I have tried codes like

awk -v value=$value -v row=$row -v col=$col 'BEGIN{FS=OFS="@"} NR==row {$col=value}1' file.csv 

but the issue is I cant use this code for xlsx file format. is there any way to do this for xlsx file format, since it's a template file I need to retain xlsx file format.


Solution

  • When I have to extract values from an Excel workbook on my Windows PC I install cygwin and then write a small shell script that does:

    cygstart "/path/to/xls2csv.vbs" 'C:/cygwin64/path/to/bookName.xlsx'
    awk 'whatever' '/path/to/bookName/sheetName.csv'
    

    and the work of extracting every sheet from the workbook as a separate CSV named based on the sheet name suffixed with ".csv" under a common directory named after the workbook is done by this visual basic script:

    $ cat xls2csv.vbs
    csv_format = 6
    
    Dim strFilename
    Dim objFSO
    Set objFSO = CreateObject("scripting.filesystemobject")
    strFilename = objFSO.GetAbsolutePathName(WScript.Arguments(0))
    If objFSO.fileexists(strFilename) Then
      Call Writefile(strFilename)
    Else
      wscript.echo "no such file!"
      wscript.echo strFilename
    End If
    Set objFSO = Nothing
    
    Sub Writefile(ByVal strFilename)
    Dim objExcel
    Dim objWB
    Dim objws
    
    Set objExcel = CreateObject("Excel.Application")
    Set objWB = objExcel.Workbooks.Open(strFilename)
    
    For Each objws In objWB.Sheets
      objws.Copy
      objExcel.ActiveWorkbook.SaveAs objWB.Path & "\" & objws.Name & ".csv", csv_format
      objExcel.ActiveWorkbook.Close False
    Next
    
    objWB.Close False
    objExcel.Quit
    Set objExcel = Nothing
    End Sub
    

    That command would fail given blanks in file or directory names so we need to replace those with, say, underscores. In reality I usually copy the Xls file to a temp directory and give it a temp name before running the above on it so I can run the above on it without affecting the original file and without having to care about the path to the original file. It requires an absolute path to the input Excel workbook.

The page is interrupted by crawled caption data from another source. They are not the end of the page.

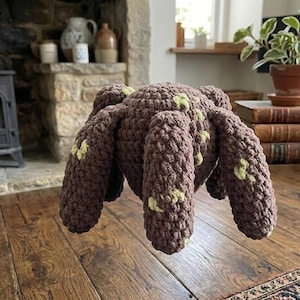 May include: A large, handmade brown crochet spider with eight thick legs and green accents. The plush toy is designed with a textured, chunky stitch and is likely intended as a decorative item or a child's toy.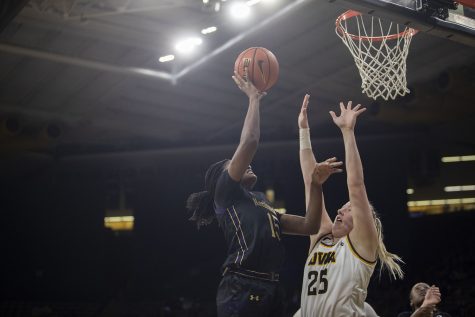 Northwestern foward Courtney Shaw goes up for a layup against Iowa center Monika Czinano during a women’s basketball game between No. 22 Iowa and Northwestern at Carver-Hawkeye Arena on Thursday, Jan. 6, 2022. The Wildcats defeated the Hawkeyes, 77-69. Shaw was 1-2 on free throws.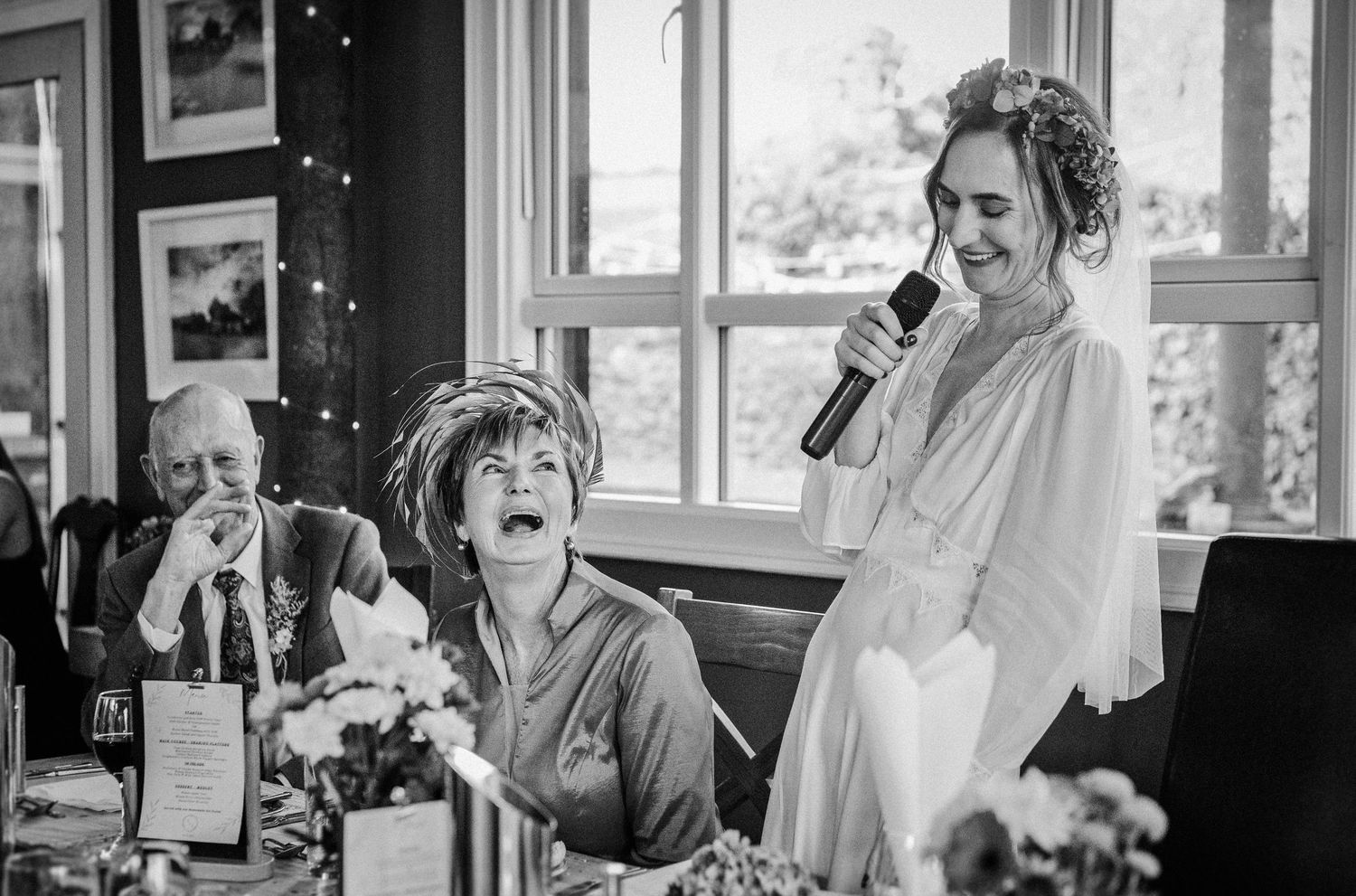 Bride gives a speech at wedding reception as guests laugh joyfully at a decorated table in black and white photo.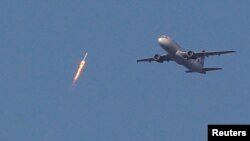 A recycled SpaceX Falcon 9 rocket soars toward space above a Virgin Airlines passenger jet, which had just departed Orlando International Airport, in Orlando, Florida, March 30, 2017. The launch marked the first time ever that a rocket was reused for spaceflight.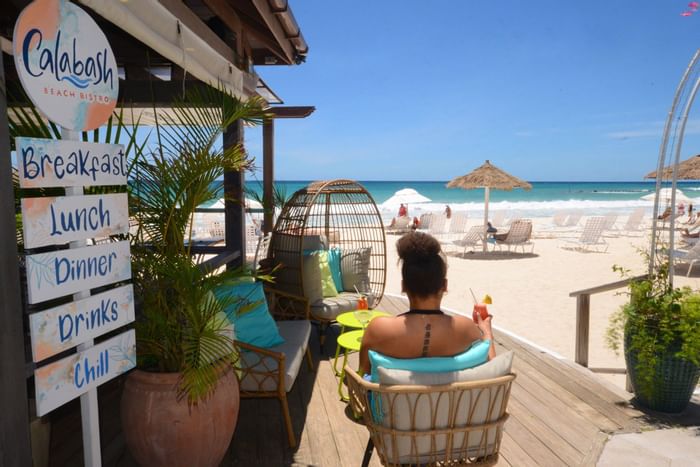 Woman by the Calabash Beach Bistro at Bougainvillea Barbados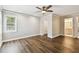This bedroom offers modern floors, neutral paint and convenient access to the bathroom at 2650 Countryside Blvd # B-110, Clearwater, FL 33761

    You might need to throw a wait and/or sleep in before the awk command to ensure the VB script is done before the awk command runs. My not shown shell code is kinda convoluted testing for the VB script creating then removing tmp files to ensure the VB script is done and looping trying and then killing Excel if it doesn't start or hangs before calling awk - I wrote it a long time ago, it's a mess, and I doubt if it's really necessary or a good approach which is why I'm not including it here.

    To get those values back INTO a multi-sheet workbook you'd have to open any updated/generated CSV with Excel (or copy/paste). There's probably some other VB script could be written to import the CSVs for you just like I export them above but I've never needed that functionality so idk what that'd look like.

    I don't know if you need that though - if your awk script writes CSV then you can just double click on the output .csv and Excel will happily open and display it just like it would any .xls or .xlsx Excel file.

    So, to do what you want, assuming your original content is in "Sheet1" of single-sheet Excel workbook "MyStuff.xlsx" you'd do this from cygwin:

    cygstart "/path/to/xls2csv.vbs" 'C:/cygwin64/path/to/MyStuff.xlsx'
    wait; sleep 10     # or similar
    awk -v value="$value" -v row="$row" -v col="$col" 'BEGIN{FS=OFS=","} NR==row {$col=value}1' '/path/to/MyStuff/Sheet1.csv' > "/tmp/tmp$$" &&
    mv "/tmp/tmp$$" '/path/to/MyStuff/Sheet1.csv'
    

    and then in Windows just double-click on /path/to/MyStuff/Sheet1.csv to open it in Excel (you may need to associate the .csv file suffix with Excel the first time you do that).

    Note that the above will only handle simple CSVs, see What's the most robust way to efficiently parse CSV using awk? for how to robustly handle CSVs with awk in general.